**TASK STATEMENT:**
Repeat the stretch of entries below from the line with "Definition Lästerschwester Magnet" through the line with "Haoser 15 Pcs". Include both ends and add nothing.

#### TASK INPUT ####

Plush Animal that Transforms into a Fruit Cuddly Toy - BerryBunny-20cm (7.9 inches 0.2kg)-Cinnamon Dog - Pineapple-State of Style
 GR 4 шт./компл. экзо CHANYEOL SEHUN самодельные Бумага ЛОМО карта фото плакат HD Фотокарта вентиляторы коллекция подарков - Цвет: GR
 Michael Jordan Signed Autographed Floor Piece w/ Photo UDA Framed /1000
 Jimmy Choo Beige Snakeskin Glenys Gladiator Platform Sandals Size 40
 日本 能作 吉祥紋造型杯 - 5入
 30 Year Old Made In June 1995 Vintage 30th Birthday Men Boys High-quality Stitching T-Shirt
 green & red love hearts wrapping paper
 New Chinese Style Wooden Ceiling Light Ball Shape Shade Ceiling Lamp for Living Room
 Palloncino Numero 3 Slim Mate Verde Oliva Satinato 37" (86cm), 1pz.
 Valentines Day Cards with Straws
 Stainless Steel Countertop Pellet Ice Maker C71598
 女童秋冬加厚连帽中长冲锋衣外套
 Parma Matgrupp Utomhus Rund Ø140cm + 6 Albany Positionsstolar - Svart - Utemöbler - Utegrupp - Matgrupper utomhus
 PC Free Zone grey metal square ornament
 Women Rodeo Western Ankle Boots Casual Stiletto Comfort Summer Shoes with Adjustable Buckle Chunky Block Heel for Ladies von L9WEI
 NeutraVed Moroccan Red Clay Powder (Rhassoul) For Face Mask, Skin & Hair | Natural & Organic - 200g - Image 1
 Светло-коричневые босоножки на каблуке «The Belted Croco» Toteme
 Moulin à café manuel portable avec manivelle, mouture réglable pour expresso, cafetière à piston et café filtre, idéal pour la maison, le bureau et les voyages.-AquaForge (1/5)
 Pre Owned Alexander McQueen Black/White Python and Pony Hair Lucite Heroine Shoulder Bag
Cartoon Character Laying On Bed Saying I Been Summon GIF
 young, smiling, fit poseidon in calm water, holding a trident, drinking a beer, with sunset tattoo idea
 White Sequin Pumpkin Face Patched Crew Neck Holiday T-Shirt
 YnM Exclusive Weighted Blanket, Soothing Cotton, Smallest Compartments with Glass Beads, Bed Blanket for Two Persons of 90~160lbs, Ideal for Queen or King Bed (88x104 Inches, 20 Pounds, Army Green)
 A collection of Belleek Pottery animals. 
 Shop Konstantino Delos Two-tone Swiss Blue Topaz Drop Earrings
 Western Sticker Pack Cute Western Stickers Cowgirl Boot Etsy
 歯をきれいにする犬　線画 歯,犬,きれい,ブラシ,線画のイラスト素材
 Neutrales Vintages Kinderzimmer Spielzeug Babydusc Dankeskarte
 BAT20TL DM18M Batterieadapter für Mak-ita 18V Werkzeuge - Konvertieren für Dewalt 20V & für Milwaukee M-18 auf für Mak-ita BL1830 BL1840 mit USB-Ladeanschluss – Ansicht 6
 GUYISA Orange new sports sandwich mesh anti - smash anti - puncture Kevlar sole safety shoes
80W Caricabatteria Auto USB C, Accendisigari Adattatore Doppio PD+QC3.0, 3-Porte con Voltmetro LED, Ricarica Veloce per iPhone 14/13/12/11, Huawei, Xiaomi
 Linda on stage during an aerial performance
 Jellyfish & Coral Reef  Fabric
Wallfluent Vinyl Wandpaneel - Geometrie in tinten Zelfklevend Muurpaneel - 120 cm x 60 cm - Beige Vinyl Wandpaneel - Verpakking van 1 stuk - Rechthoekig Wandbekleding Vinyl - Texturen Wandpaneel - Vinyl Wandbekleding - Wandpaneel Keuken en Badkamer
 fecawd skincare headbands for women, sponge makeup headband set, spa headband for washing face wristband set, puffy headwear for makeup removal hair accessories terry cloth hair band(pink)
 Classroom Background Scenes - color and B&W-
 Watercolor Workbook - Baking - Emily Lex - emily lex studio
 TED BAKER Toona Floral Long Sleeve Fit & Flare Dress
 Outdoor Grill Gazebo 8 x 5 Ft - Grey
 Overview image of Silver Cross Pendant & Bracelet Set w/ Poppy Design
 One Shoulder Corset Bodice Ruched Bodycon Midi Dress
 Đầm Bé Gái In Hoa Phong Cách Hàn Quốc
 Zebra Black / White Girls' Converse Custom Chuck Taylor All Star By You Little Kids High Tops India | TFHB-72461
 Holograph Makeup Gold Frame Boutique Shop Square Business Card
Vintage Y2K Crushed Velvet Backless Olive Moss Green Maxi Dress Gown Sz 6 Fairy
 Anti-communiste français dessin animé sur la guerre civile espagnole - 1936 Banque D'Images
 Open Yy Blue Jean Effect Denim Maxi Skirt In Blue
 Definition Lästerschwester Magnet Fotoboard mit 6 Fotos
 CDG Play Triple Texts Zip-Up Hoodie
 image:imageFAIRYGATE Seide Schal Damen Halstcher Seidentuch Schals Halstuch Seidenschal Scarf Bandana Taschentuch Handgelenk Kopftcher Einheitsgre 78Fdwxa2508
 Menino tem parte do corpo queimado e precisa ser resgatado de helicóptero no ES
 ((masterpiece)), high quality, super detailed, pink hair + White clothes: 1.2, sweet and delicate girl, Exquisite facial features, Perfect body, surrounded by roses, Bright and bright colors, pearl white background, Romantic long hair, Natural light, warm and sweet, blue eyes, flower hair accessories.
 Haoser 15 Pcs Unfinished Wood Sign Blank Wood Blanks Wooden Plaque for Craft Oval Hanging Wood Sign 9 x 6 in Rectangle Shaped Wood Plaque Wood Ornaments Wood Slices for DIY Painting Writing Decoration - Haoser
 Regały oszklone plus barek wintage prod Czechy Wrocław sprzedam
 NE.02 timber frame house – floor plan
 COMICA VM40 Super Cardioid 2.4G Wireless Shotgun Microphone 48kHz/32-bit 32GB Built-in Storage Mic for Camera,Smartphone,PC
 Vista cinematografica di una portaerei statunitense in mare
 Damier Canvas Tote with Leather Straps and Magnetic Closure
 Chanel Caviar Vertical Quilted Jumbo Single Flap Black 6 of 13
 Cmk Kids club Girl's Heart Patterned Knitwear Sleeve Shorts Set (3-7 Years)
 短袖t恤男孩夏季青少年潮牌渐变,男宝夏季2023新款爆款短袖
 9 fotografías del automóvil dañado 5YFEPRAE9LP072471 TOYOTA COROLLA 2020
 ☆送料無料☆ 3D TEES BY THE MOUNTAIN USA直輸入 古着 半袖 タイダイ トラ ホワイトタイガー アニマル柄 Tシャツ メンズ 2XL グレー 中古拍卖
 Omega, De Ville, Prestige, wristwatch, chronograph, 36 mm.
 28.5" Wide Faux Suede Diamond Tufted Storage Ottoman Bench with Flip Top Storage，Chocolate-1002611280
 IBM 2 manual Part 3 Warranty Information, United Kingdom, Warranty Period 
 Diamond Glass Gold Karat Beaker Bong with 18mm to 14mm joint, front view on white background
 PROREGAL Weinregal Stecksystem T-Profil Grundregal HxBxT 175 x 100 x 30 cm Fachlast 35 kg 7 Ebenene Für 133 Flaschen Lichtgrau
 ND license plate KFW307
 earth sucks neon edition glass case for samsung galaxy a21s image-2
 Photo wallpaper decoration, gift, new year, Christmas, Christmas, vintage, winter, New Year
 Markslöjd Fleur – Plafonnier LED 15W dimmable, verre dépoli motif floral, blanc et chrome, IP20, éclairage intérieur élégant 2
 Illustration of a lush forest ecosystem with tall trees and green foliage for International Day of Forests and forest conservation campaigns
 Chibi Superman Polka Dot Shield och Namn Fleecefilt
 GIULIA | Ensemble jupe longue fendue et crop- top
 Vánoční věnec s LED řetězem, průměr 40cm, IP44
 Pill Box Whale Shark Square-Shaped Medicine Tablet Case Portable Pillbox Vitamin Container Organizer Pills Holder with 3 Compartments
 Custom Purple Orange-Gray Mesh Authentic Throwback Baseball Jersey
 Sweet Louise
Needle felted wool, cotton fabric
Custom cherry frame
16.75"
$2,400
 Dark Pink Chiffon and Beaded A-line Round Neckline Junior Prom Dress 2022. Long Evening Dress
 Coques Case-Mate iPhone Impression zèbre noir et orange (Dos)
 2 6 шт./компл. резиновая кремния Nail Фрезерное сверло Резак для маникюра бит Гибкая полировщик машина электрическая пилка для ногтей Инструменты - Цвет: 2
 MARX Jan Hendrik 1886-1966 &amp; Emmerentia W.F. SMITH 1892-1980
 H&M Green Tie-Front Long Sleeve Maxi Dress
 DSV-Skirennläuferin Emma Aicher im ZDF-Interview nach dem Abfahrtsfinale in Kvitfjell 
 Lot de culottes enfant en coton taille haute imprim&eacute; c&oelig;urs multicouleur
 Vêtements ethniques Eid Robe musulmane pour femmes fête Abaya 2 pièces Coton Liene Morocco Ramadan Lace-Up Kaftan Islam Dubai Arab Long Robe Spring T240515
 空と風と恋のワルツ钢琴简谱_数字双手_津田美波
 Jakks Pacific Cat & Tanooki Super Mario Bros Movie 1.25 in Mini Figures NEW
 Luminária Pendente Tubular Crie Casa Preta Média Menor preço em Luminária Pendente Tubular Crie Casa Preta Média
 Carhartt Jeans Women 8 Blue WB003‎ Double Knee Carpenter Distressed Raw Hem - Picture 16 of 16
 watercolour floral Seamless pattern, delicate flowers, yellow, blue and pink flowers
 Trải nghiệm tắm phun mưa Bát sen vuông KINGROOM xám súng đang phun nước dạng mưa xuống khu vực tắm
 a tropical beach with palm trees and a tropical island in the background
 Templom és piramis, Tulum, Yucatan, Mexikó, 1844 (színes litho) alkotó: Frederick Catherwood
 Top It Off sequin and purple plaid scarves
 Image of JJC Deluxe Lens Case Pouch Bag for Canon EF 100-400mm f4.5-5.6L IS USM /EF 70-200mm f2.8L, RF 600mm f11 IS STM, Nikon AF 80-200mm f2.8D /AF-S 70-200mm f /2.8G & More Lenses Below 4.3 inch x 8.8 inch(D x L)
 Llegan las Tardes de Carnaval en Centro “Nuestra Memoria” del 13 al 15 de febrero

####

**RESPONSE TO THIS TASK:**
 Definition Lästerschwester Magnet Fotoboard mit 6 Fotos
 CDG Play Triple Texts Zip-Up Hoodie
 image:imageFAIRYGATE Seide Schal Damen Halstcher Seidentuch Schals Halstuch Seidenschal Scarf Bandana Taschentuch Handgelenk Kopftcher Einheitsgre 78Fdwxa2508
 Menino tem parte do corpo queimado e precisa ser resgatado de helicóptero no ES
 ((masterpiece)), high quality, super detailed, pink hair + White clothes: 1.2, sweet and delicate girl, Exquisite facial features, Perfect body, surrounded by roses, Bright and bright colors, pearl white background, Romantic long hair, Natural light, warm and sweet, blue eyes, flower hair accessories.
 Haoser 15 Pcs Unfinished Wood Sign Blank Wood Blanks Wooden Plaque for Craft Oval Hanging Wood Sign 9 x 6 in Rectangle Shaped Wood Plaque Wood Ornaments Wood Slices for DIY Painting Writing Decoration - Haoser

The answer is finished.